Ridley is hoping that Reed.co.uk will be able to break away from Corporate's Oracle systems in June of this year and go live with SAP Business ByDesign.
This 'browser first' mind set has also led Ridley to investigate Google's Chromeboxes, where Reed.co.uk is running a trial at the moment to see how many Microsoft Office desktops the company could replace. Chromeboxes are Google's answer to allowing businesses to run Chrome OS on a desktop, where all applications are accessed via a browser.
"We are removing Windows and Office from a large number of desktops in the building, or at least we are trialling that at the moment with Chromeboxes, which is going really well. The response from employees has been incredibly good. We think Office is great, but we are aware that about 120 people in the business only use it for performance appraisals," said Ridey.
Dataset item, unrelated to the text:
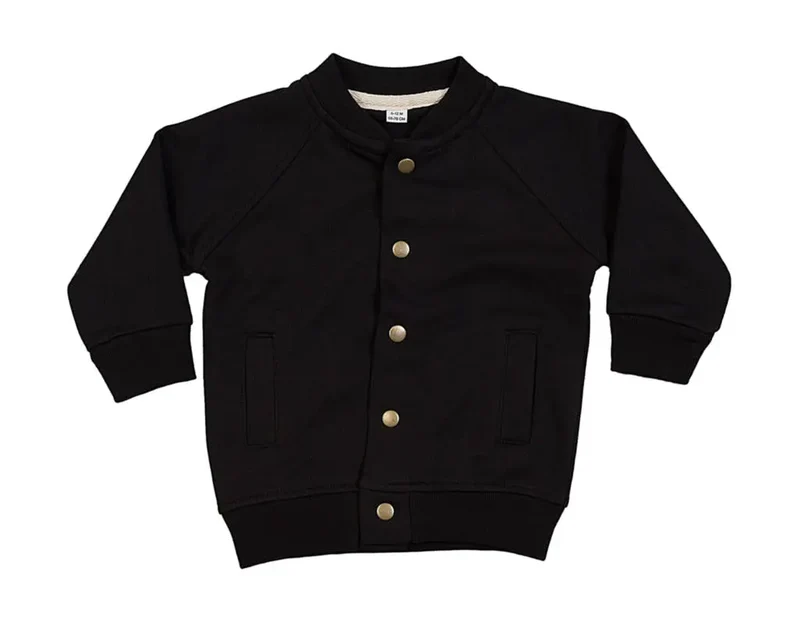 Baby Fliegerjacke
"I think the whole benefit of the platform is that it gives us complete flexibility and we can start saying that there is a point at which it isn't sensible for us to buy large powerful PCs anymore. If you look at the entire stack - identity management, BYOD, email, collaboration, HR, finance - once you have lifted all those things out into the cloud, it becomes a very flexible business."
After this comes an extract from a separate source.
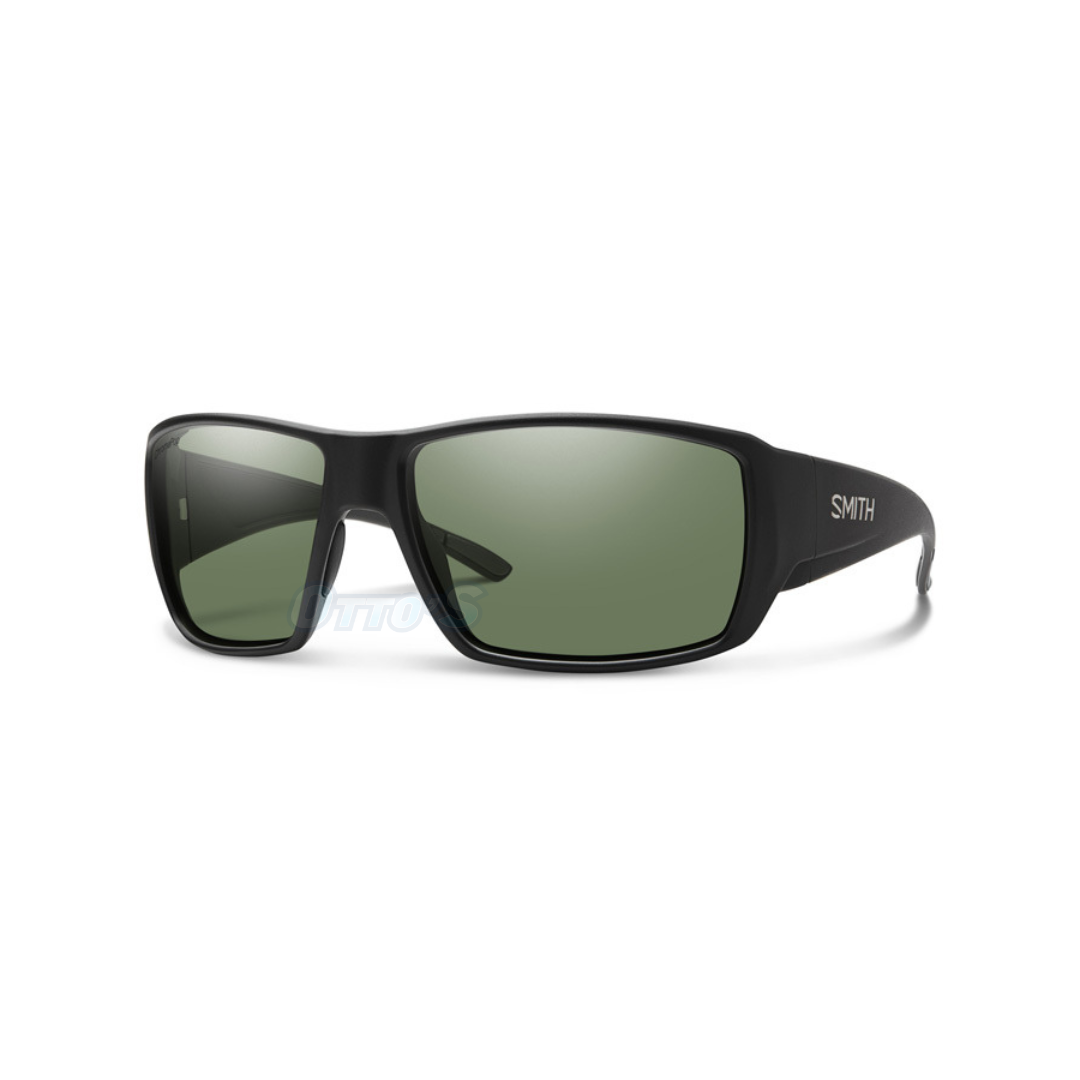 Smith Guides Choice Sunglasses with ChromaPop Lenses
This distribution of apps to the cloud is what has made it possible for Reed.co.uk to look at using the lighter Chromeboxes. Ridley explained that he is even considering a Chromebox console to centrally manage the devices.
"It's very early days for us, but there is a Chromebox console, which we are investigating at the moment. It does do the centralised management, but it's an additional cost per head, so it's something that we are still looking at," he said.
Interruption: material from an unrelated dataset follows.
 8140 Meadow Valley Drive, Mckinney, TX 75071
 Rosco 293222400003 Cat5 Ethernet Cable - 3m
Reed.co.uk's approach of investing entirely in the cloud is a fairly unique one, which has been made possible by the ability to cut ties with legacy systems. However, Ridley does admit that there are still concerns and that improvements could be made by cloud vendors to make the systems easier for enterprise IT departments to use.
"I think it would be foolish to not have concerns about the cloud, but then again I would have concerns if I was running servers. I just think it gives you a very different business model and you have to trust vendors to keep your data," he said.
"But, one of the things I would love to do is for the major vendors to develop something similar to the old SNMP type protocols, where you can monitor the network from a central area. It would be great to have all the cloud vendors sign up to this, where we could request: What is your current system service? Do you have any planned downtime?"
He added: "At the moment we have to pull all of these things off an email, or watch very diverse systems. It would be great to have all that information coming across in one format so you could throw it up on management systems."